@lixpi/markdown-stream-parser

A library designed to incrementally parse Markdown text from a stream of tokens.

It's built to handle the ambiguities of LLM-generated streams, which often produce imperfect or invalid Markdown. It combines a finite state machine with regex patterns to determine the best match for each segment.

This project is an open-ended research on how to incrementally parse LLM-streams.

⚠️ Please note that this project is in an early stage of development, so there are MANY bugs and missing features.

🛑 All feature development is blocked by this research task which would bring a complete re-imagining of the code. Stay tuned...

DEMO: markdown-stream-parser.lixpi.org

Installation

NPM:

pnpm i @lixpi/markdown-stream-parser
npm i @lixpi/markdown-stream-parser
yarn add @lixpi/markdown-stream-parser

Or just clone the repository and import it directly from the source.

Importing

The parser supports both ES6 module and CommonJS (Node.js) import styles.

ES6 import:

import { MarkdownStreamParser } from '@lixpi/markdown-stream-parser'

CommonJS require:

const { MarkdownStreamParser } = require('@lixpi/markdown-stream-parser')

Can be used on a backend or frontend, there's no rendering logic involved.

Basic Concepts

• Singleton Pattern: Use MarkdownStreamParser.getInstance(instanceId) to ensure one parser per logical stream/session.

• Parsing Lifecycle:

  • startParsing(): Begin parsing and set up subscriptions.
  • parseToken(chunk: string): Feed incoming text chunks.
  • stopParsing(): Flush buffers, reset state, and notify listeners of stream end.

• Subscribing to Output: Use subscribeToTokenParse(listener) to receive parsed segments as soon as they are available. Returns an unsubscribe function. The unsubscribe function takes no arguments.

How to Use

There are several ways to use the parser. It is quite modular. You can initialize it in one place and consume the parsed stream elsewhere, thanks to the singleton pattern.

Subscribing to the Parser

Before you can parse the stream, you must subscribe to the parser. If you do not subscribe in advance, the parser will likely stop and terminate before you receive the first segment.

First import the parser and initialize it with an instance-id. (you can have as many parallel parsers as you want, just make sure to use different instance-ids)

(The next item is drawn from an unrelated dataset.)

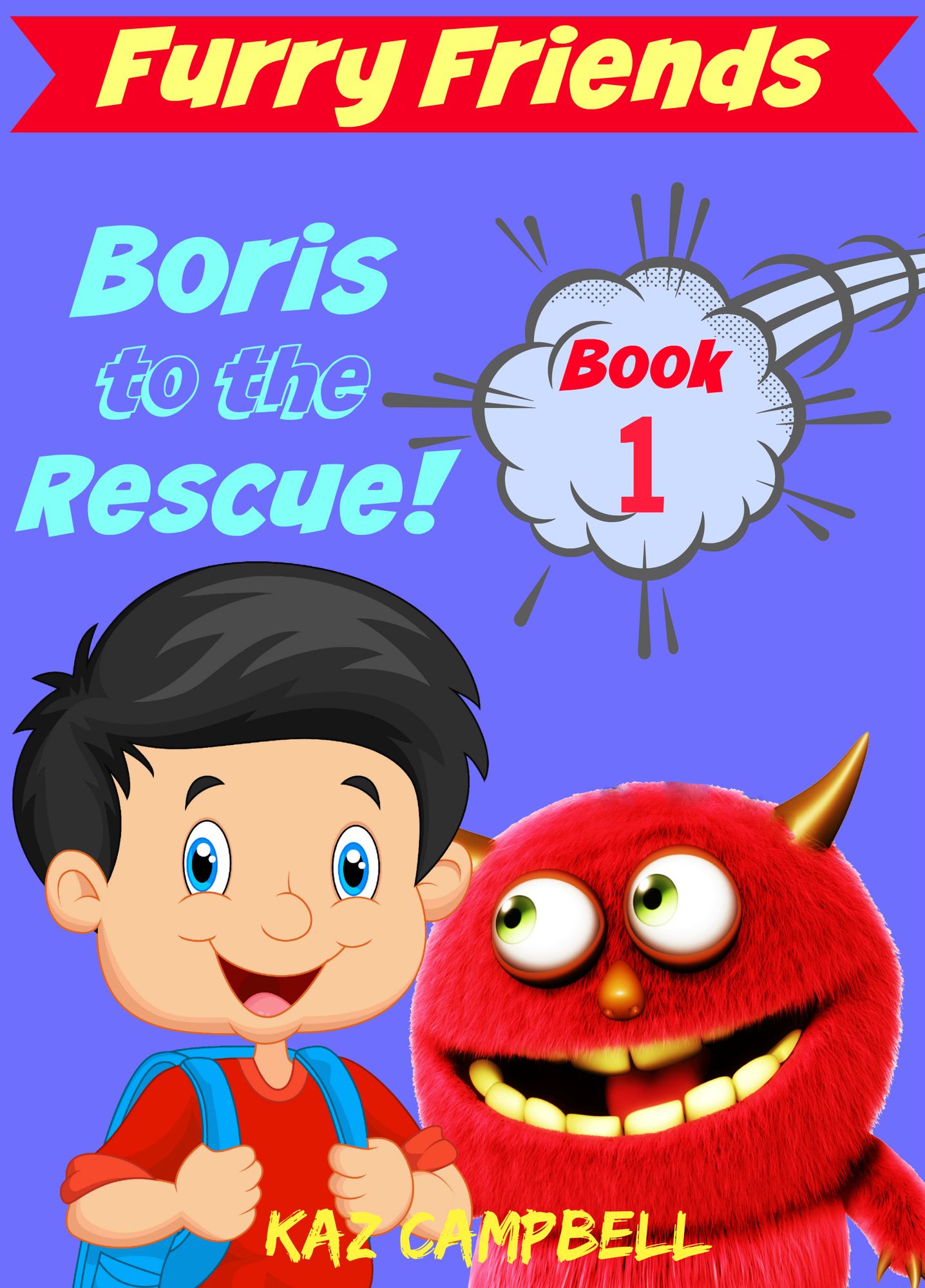 Furry Friends: Boris To The Rescue - Book 1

import { MarkdownStreamParser } from '@lixpi/markdown-stream-parser'

// Get a parser instance (singleton per ID)
const parser = MarkdownStreamParser.getInstance('session-1')

Approach 1: The Simplest

// Subscribe to parsed output
parser.subscribeToTokenParse((parsedSegment, unsubscribe) => {
    console.log(parsedSegment) // Happy little parsed segment

    // Clean up when the stream ends
    if (parsedSegment.status === 'END_STREAM') {
        unsubscribe()
        MarkdownStreamParser.removeInstance('session-1')
    }
})

Approach 2: Customizable

// Subscribe to the parser service
const parserUnsubscribe = parser.subscribeToTokenParse(parsedSegment => {
    console.log(parsedSegment) // Happy little parsed segment
})

// When the stream has ended stop the parser to avoid issues and memory leaks.
// You can decide when to terminate the parser.
// For example, using your own logic or rely on the `parser.parsing` flag.
if (!parser.parsing) {
    parserUnsubscribe()    // Unsubscribe from the parser service
    MarkdownStreamParser.removeInstance('session-1')    // Dispose of the parser instance
}

Parsing the Stream

Regardless of which subscription method you choose, feeding the stream into the parser does not change. Once the subscription to the parser is initialized, you can start parsing the stream.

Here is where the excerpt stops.